Dans les rôles principaux, Denzel Washington et Frances McDormand sont fantastiques. Derrière la femme tenace, l’actrice laisse apparaître une fêlure donnant une interprétation nouvelle au personnage de Lady Macbeth : elle est une femme sans enfant, et son âge ne lui permet plus d’espérer un héritier.
Quant à Washington, sa voix traînante et douce confère un rythme particulier au texte de Shakespeare, particulièrement dans les monologues qui mettent au défi le souffle de l’acteur. La mélancolie de l’âge confère aux deux comédiens une gravité touchante.
Cet homme et cette femme qui tentent leur dernière chance avant de sombrer dans l’oubli, s’assortissent parfaitement aux thèmes de la filmographie de Joel Coen. Comment malgré tous leurs efforts, des personnages n’arrivent-ils pas à échapper à la fatalité ?
Car aux desseins des Macbeth se substitue celui d’un esprit surplombant et cruel qui éveille et motive les faiblesses des hommes. Cet esprit se travestit, change de forme et se démultiplie jusqu’au saisissant plan final. Conscient de cette présence qui rôde, le roi Duncan, victime à venir, ne cesse de lever les yeux vers le ciel.
Le réalisateur ne prétend pas faire oublier la pièce, au contraire, il plonge dans l’artifice du théâtre et du cinéma.

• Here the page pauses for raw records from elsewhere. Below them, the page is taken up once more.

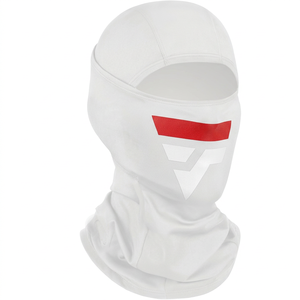 Masque facial en polyester blanc unisexe personnalisé pour les activités de plein air, taille adulte 56-58 cm, camouflage respirant, vêtements de randonnée - Product Image 1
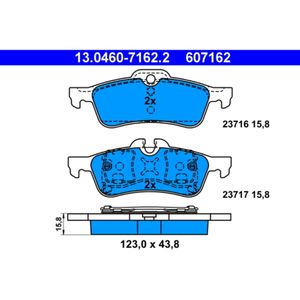 Bremsbelagsatz Scheibenbremse ATE 13.0460-7162.2 für Mini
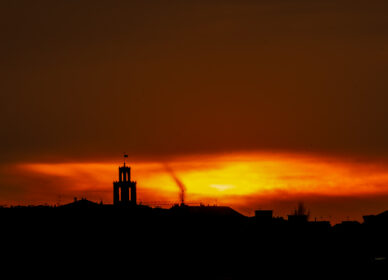 Atardecer Monestir de Sant Cugat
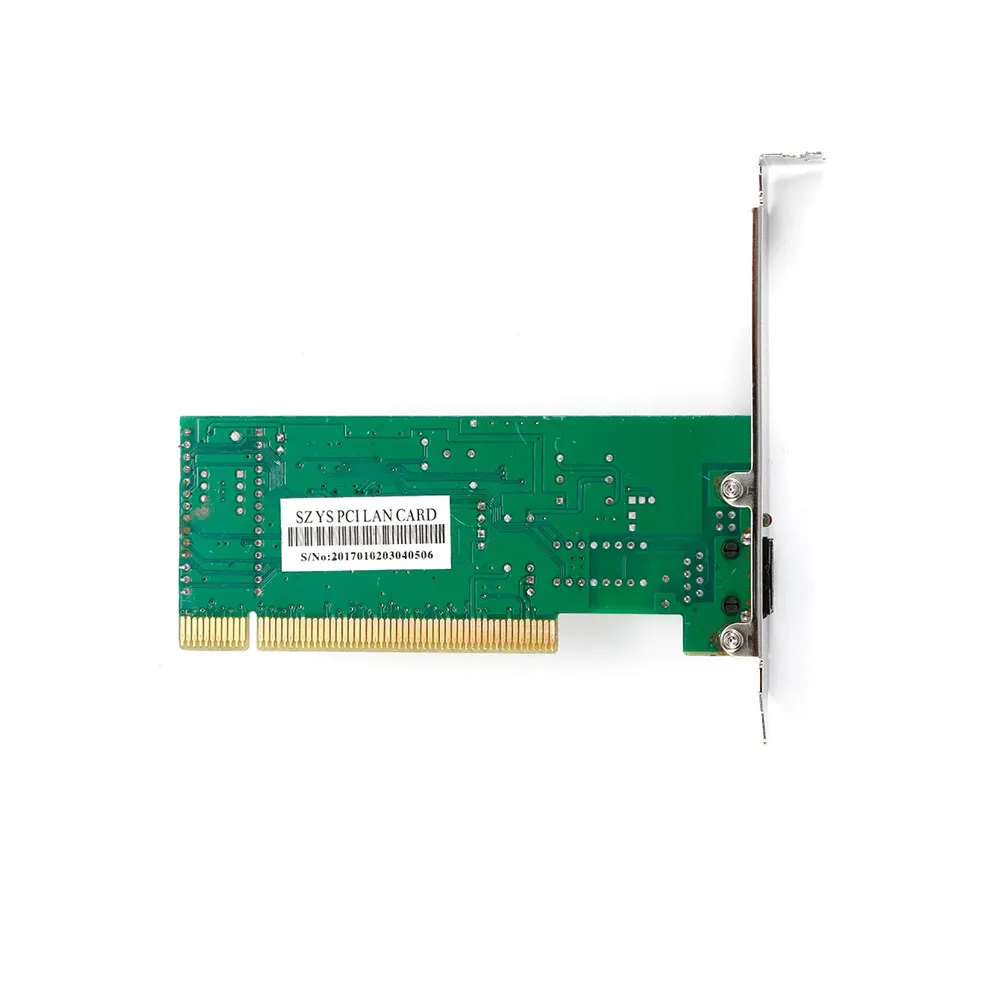 PCI Card Adapter for Computer, PC 10/100 Mbps RJ45 Ethernet NIC LAN Network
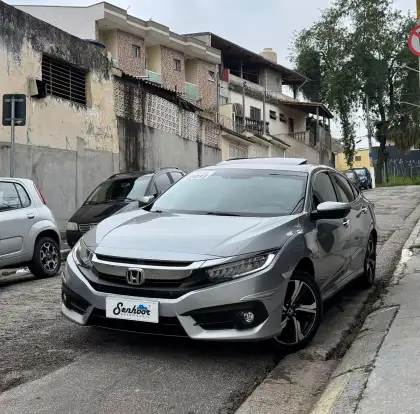 HONDA-CIVIC-1.5 16V TURBO GASOLINA TOURING 4P CVT HONDA-CIVIC-2016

Macbeth face à une toile qui recouvre un paravent regarde une scène en ombre chinoise se dérouler sous ses yeux. Banquo entre dans la lumière d’un projecteur qui s’allume bruyamment. Et à la fin, ce son de projecteur retentit encore pour « éteindre » l’écran. Le décor ne fait jamais semblant d’être vraisemblable. Il joue au contraire sur des évocations visuelles et des espaces vides aux proportions démesurées. Film après film, Joel Coen semble répéter qu’aussi dramatiques soient les événements, tout ça n’est que comédie. Malgré cette maîtrise de la mise en scène, malgré la beauté du film, malgré la cohérence dans la filmographie du réalisateur, il manque toutefois une étincelle à The Tragedy of Macbeth. Parmi les films distribués par A24, on constate une uniformité, l’établissement d’une sorte de formule : format carré, noir et blanc, langueur de l’action et de l’atmosphère, prédilection pour les sujets touchant à l’étrange, attachement à une esthétique hyper léchée, allant parfois (et ce n’est pas le cas pour ce Macbeth) jusqu’à la fatuité. Ces choix ont pour conséquence de mettre à distance le spectateur, d’entraver son empathie envers les personnages, voire de lui retirer tout engagement émotionnel. La langue poétique de The Tragedy of Macbeth étant déjà un obstacle à franchir, des choix visuels un peu moins austères auraient peut-être insufflé un supplément d’âme au film..
The Tragedy of Macbeth est disponible sur Apple TV.